#### PROMPT:
Going line by line through the records below, write out everything starting with the line containing "Western blot using" and going on through the line containing "Proteine fibrose: COLLAGENI", exactly and inclusively. Pictures do not go in.

#### GIVEN RECORDS:
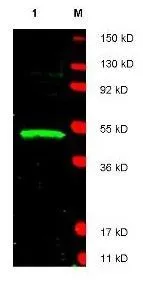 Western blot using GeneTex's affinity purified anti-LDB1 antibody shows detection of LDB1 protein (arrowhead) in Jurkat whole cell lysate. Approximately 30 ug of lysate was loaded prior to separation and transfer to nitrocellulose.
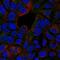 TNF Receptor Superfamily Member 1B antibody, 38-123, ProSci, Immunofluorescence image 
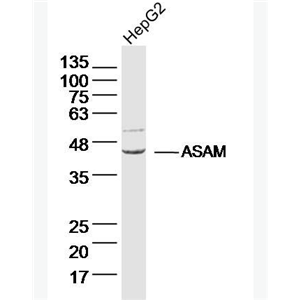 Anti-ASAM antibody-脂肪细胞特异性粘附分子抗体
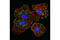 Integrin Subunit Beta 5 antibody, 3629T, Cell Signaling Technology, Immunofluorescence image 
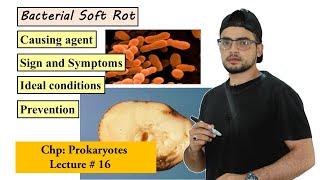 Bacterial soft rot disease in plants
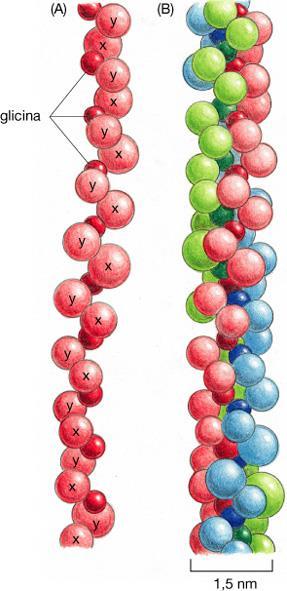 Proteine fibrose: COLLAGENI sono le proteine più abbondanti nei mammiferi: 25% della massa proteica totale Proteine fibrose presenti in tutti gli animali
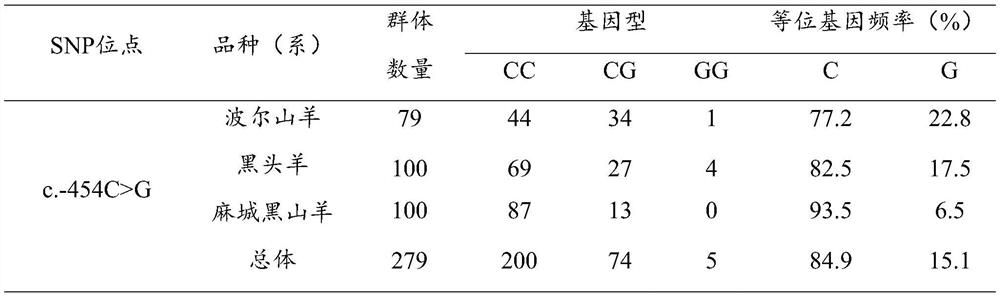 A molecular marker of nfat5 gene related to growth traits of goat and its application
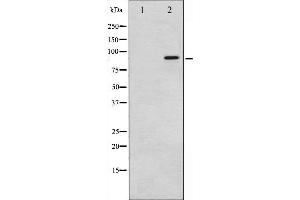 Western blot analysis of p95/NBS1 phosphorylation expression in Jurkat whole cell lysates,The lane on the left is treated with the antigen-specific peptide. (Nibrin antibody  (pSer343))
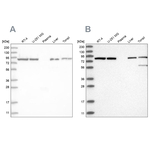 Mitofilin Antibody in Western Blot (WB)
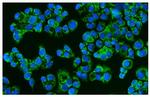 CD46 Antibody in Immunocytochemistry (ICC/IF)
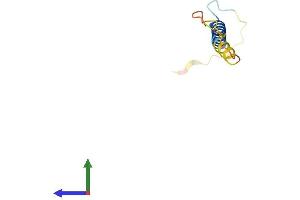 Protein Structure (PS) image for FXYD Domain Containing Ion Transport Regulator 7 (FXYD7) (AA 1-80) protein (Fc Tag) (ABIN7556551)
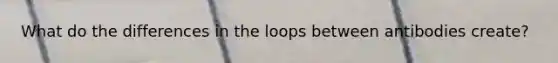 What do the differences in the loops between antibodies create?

--

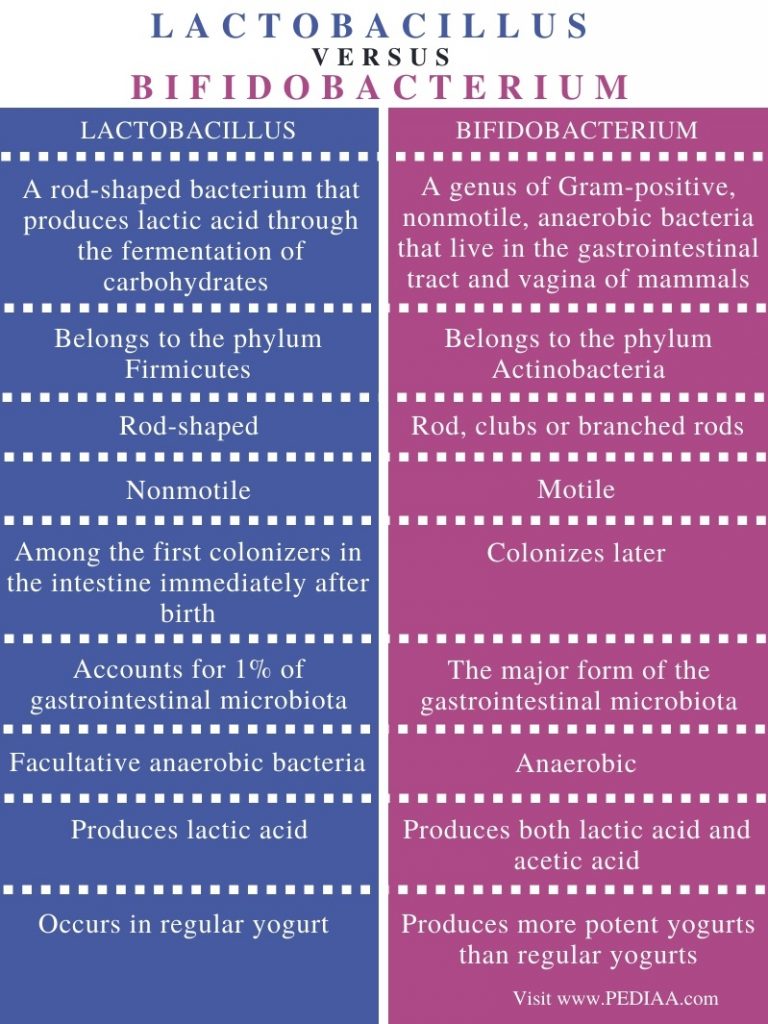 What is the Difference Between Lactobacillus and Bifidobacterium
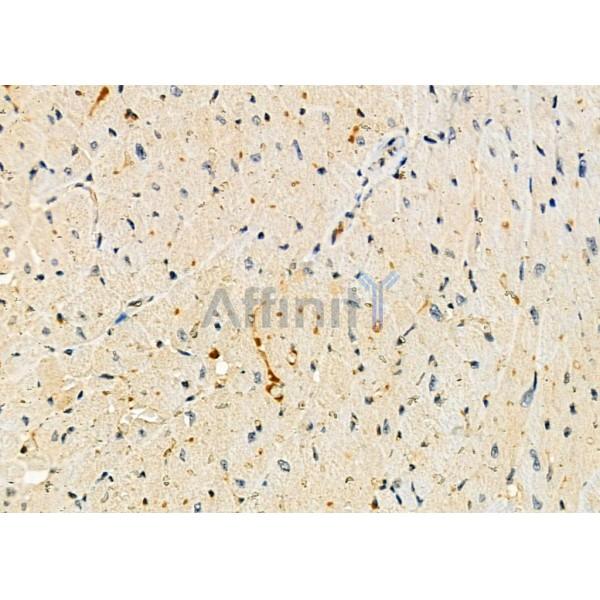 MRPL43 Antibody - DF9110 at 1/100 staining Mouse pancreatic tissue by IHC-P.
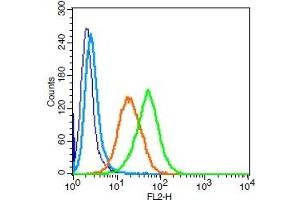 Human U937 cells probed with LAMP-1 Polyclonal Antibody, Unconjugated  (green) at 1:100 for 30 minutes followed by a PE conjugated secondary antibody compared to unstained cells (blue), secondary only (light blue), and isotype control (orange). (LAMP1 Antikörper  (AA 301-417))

...

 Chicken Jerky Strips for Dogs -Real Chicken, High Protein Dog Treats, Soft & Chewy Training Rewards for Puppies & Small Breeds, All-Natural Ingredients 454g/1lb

#### SOLVED PROBLEM:
 Western blot using GeneTex's affinity purified anti-LDB1 antibody shows detection of LDB1 protein (arrowhead) in Jurkat whole cell lysate. Approximately 30 ug of lysate was loaded prior to separation and transfer to nitrocellulose.
 TNF Receptor Superfamily Member 1B antibody, 38-123, ProSci, Immunofluorescence image 
 Anti-ASAM antibody-脂肪细胞特异性粘附分子抗体
 Integrin Subunit Beta 5 antibody, 3629T, Cell Signaling Technology, Immunofluorescence image 
 Bacterial soft rot disease in plants
 Proteine fibrose: COLLAGENI sono le proteine più abbondanti nei mammiferi: 25% della massa proteica totale Proteine fibrose presenti in tutti gli animali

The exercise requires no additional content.